Strong domestic institutional investors could support Chinese equities growth: regulator
Foreign capital could act as an importance force in the development of China's capital market, and more efforts should be made to build a strong team of domestic institutional investors in a bid to realize sound competition between domestic and overseas investors, Fang Xinghai, deputy head of the China Securities Regulatory Commission (CSRC) said at the annual Shanghai Stock Exchange Global Investor Conference on Wednesday.
Fang said that the top securities regulator has been promoting opening-up of China's capital market, with progressive results having been made. For example, a total of 20 foreign-owned or controlled securities and investment fund firms have been set up in China since foreign investment cap was removed in 2020, Shanghai Securities News reported.
As this year marks the fifth anniversary of the pilot of registration-based IPO, the number of companies listed in the A-share market has grown to more than 5,300 from over 3,500, according to Fang.
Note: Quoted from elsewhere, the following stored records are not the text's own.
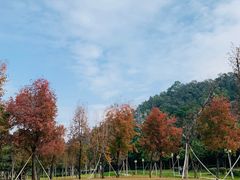 -顺峰山公园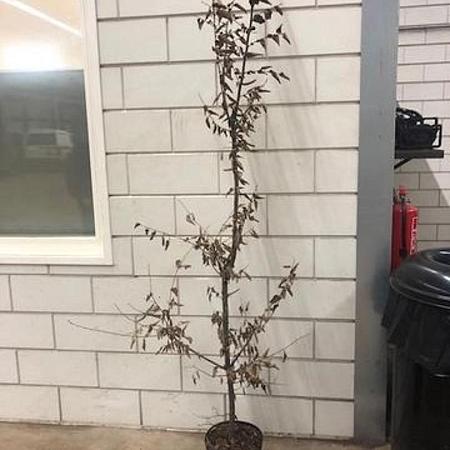 Carpinus betulus Pot 5 Liter 175 - 200 cm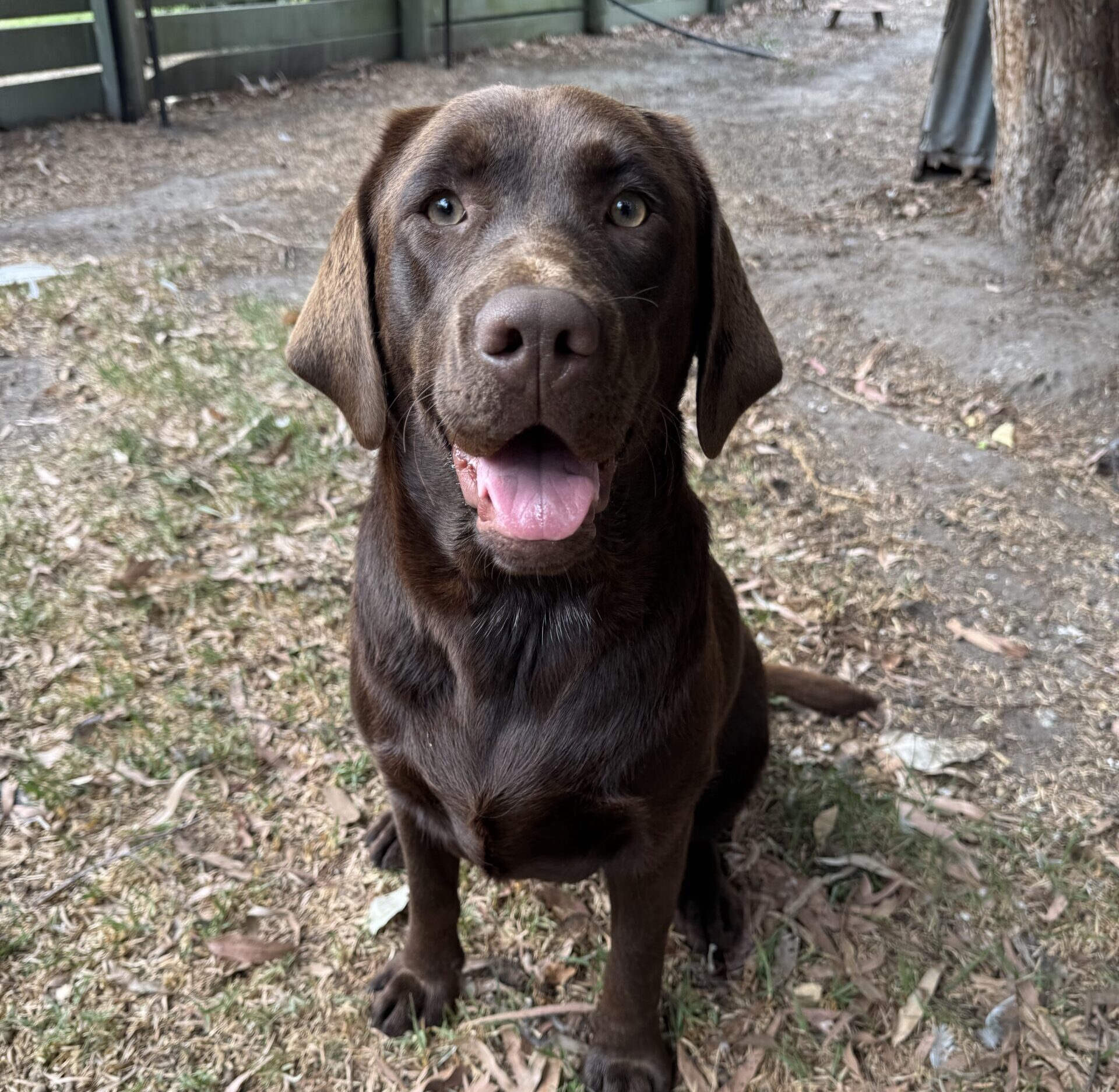 Chocolate Labrador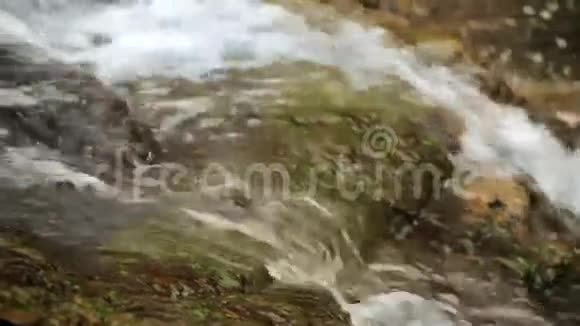 秋林中的小溪和瀑布视频的预览图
The total market valuation of A-share listed firms reached 80 trillion yuan ($11.06 trillion), the second highest in the world, he said.
Chiese authorities have released a raft of targeted policies to support the capital market and macro economy, with investor sentiment in Chinese assets continuing to strengthen, and investors should hold their confidence in the A-share market and wait for another bull market's coming, Yang Delong, chief economist at Shenzhen-based First Seafront Fund Management Co, told the Global Times on Wednesday.
Currently, both yuan and yuan-based assets including A-shares, Hong Kong stocks and Chinese mainland companies listed in the US are underestimated, and more capital is expected to flow to the Chinese market to explore opportunities, according to Yang.
Qiu Yong, chairman of the Shanghai Stock Exchange Board, said at the same forum on Wednesday that the value of the A-share market is yet to be explored and foreign investors are welcome to expand their presence in the market.
The fundamentals supporting China's economic growth over the long run remain unchanged. The Chinese economy has ample room to develop, shored up by more positive conditions for high-quality growth. There is bright prospect for investing in the Chinese market, Qiu said.
The Central Financial Work Conference, held in Beijing from October 30 to 31, noted that strenuous efforts should be made to expand institutional opening up in the financial sector and facilitate cross-border investment and financing, in order to constantly build up a stronger financial sector in the country.
Amid continuous market reform and high-standard opening up, Chinese market remains appealing for overseas institutions.
"China is one of our strategic markets in the world, and we are optimistic about Chinese economic development in the long term," Helen Huang (Huang), managing director for China of world's leading asset management company Fidelity International, told the Global Times in a recent interview.
In the face of global uncertainty, the Chinese market is a good place to diversify the portfolio and explore untapped value, as China's macro-economic fundamentals are more stable and more resilient to deal with external challenges, Huang said.
As the country's raft of stimulus measures are producing effects, the earnings of listed Chinese companies are expected to rebound in the coming six months, which will drive the recovery of Chinese assets, Meng Lei, China Strategist for UBS Securities Co Ltd, UBS's foreign-invested fully-licensed securities firm in China, said in a note sent to the Global Times.
"We are looking into food and beverage-related stocks that have benefited from business activity recovery and home appliance stocks amid the country's stabilizing real estate market," Meng said.